L'histoire :
En 1998, le mexicain Tony se morfond dans son patelin poussiéreux de Ciudad Obregon. Il sait son avenir de dessinateur complètement bouché s’il reste là. Il rêve de pouvoir rejoindre sa petite amie Suzanne, étudiante à Portland, sur le nord de la côte ouest, afin de tenter sa chance sur le marché des comics américains. Hélas, son visa est refusé, sans réelle explication… à part peut-être l’état minable de son compte en banque ? Tony prend alors une décision folle et radicale : il traversera quand même la frontière, par ses propres moyens, illégalement, comme des milliers d’autres clandestins.

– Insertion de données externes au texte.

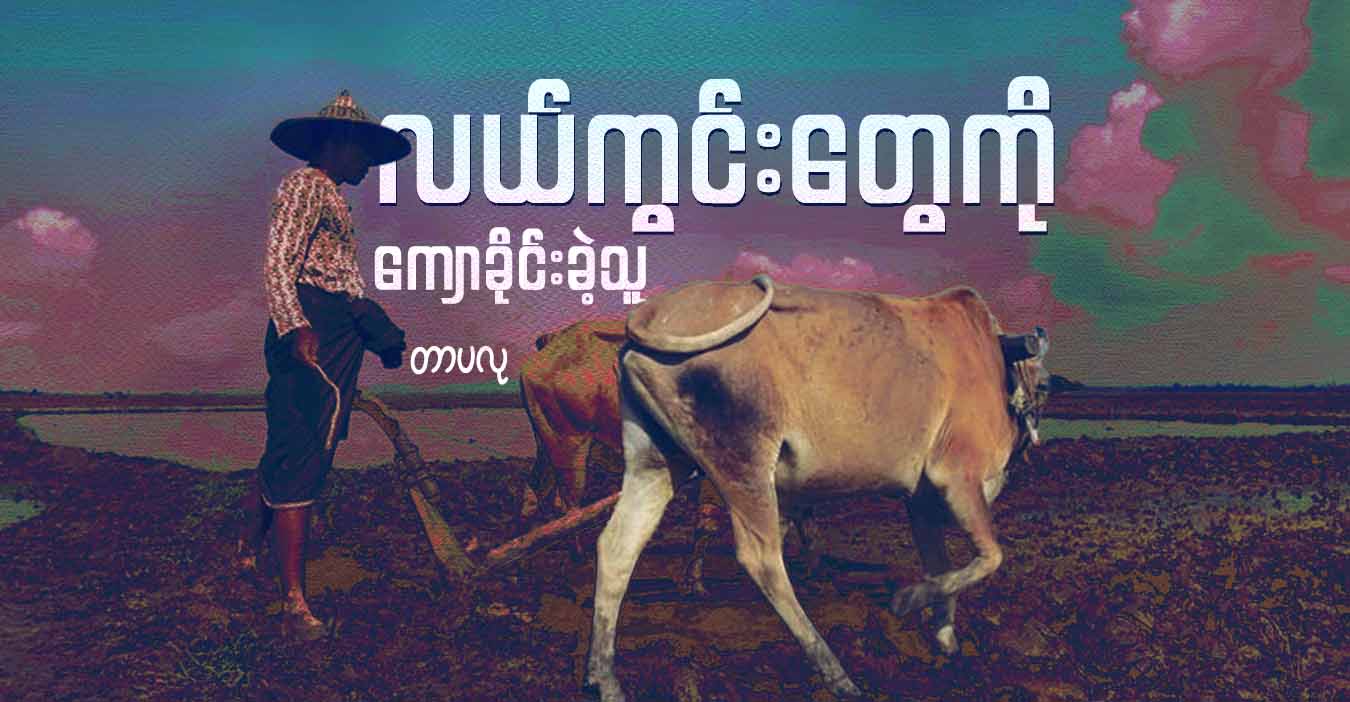 လယ်ကွင်းတွေကို ကျောခိုင်းခဲ့သူ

Sa mère tente de le dissuader : ce projet est dangereux. Son père n’est pas plus rassuré, mais il comprend. Tony part donc à Nogales en bus et se rapproche d’un passeur sympa, Ramiro. La première tentative, trop naïve, est un cuisant échec. Le trou dans le grillage qui court tout du long de la frontière aboutit sur un contrôle de police. Tony est calmement embarqué dans une fourgonnette pour une batterie d’identification et une reconduite express sur le territoire mexicain. Il culpabilise, bêtement. Il informe Suzy par téléphone de sa déconfiture. Mais il ne désespère pas… et retente une seconde fois la traversée…
Ce qu'on en pense sur la planète BD :
L’existence même de ce bouquin est la preuve que l’issue de l’épisode autobiographique qu’il relate est heureuse : Tony Sandoval a effectivement pu rejoindre le monde occidental et percer sur son marché des BD et des comics. Depuis 1998, date à laquelle il a donc passé illégalement la frontière mexicaine, il a d’ailleurs beaucoup œuvré. Notamment, les éditions Paquet l’ont avantageusement accueilli : il est très prolifique au sein de la maison d’édition suisse, il a même pu y créer une collection, Calamar, un « écrin dans lequel les artistes peuvent déposer sans crainte tout leur raffinement ». A l’image de l’ensemble de son œuvre, le style graphique est ici caricatural et stylisé, pour une cohérence visuelle parfaitement maîtrisée. Par leurs trognes bien marquées et relatives à leurs états d’esprits, les protagonistes sont diversement attachants ou patibulaires. Dans le fond, son aventure authentique ne se montre jamais tout à fait spectaculaire, ni héroïque : on sent chez Sandoval le désir de témoigner au plus juste son expérience personnelle. Il cherche avant tout à expliciter les différents sentiments qui le traversent, sans réellement porter de jugement sur les logiques économiques et politiques qui ont amené cet état de fait. L’histoire comporte tout de même son lot de frissons (les pirates nocturnes !) ou de doutes, dans tous les cas une violence psychologique d’autant plus efficace qu’on sait que tout est vrai. Bien que situé à la frontière entre le Mexique et les USA, ce témoignage fait écho à l’actualité plus proche que connait notre Europe, avec l’afflux d’exilés politiques en provenance des pays gangrénés par l’islamisme radical.